_The data_.
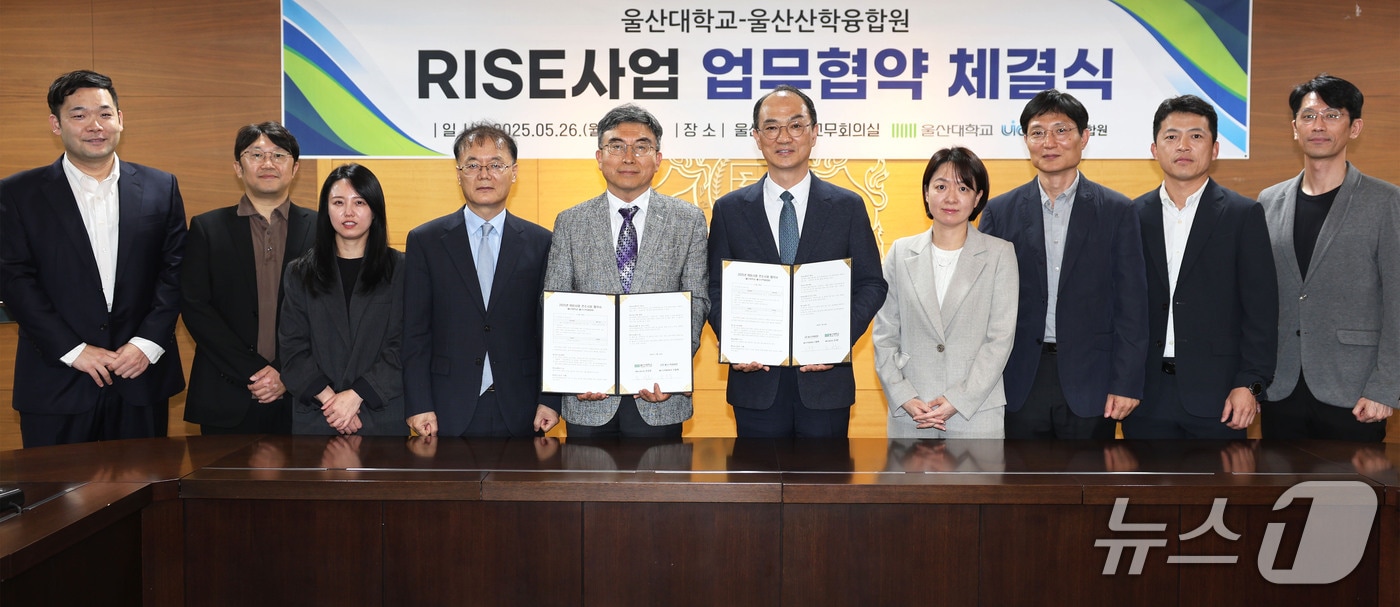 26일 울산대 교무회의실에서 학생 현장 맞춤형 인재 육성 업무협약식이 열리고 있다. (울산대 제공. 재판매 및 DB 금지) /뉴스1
...
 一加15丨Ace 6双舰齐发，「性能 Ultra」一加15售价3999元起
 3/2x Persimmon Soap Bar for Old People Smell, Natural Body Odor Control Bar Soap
==
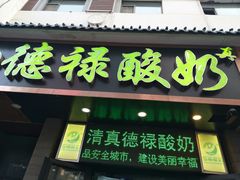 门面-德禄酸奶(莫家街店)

_Assignment_. Return only the part of the records above that opens with the line containing "一加15丨Ace 6双舰齐发，「性能 Ultra」一加15售价3999元起" and closes with the line containing "3/2x Persimmon Soap", ends included.

_Task output_.
 一加15丨Ace 6双舰齐发，「性能 Ultra」一加15售价3999元起
 3/2x Persimmon Soap Bar for Old People Smell, Natural Body Odor Control Bar Soap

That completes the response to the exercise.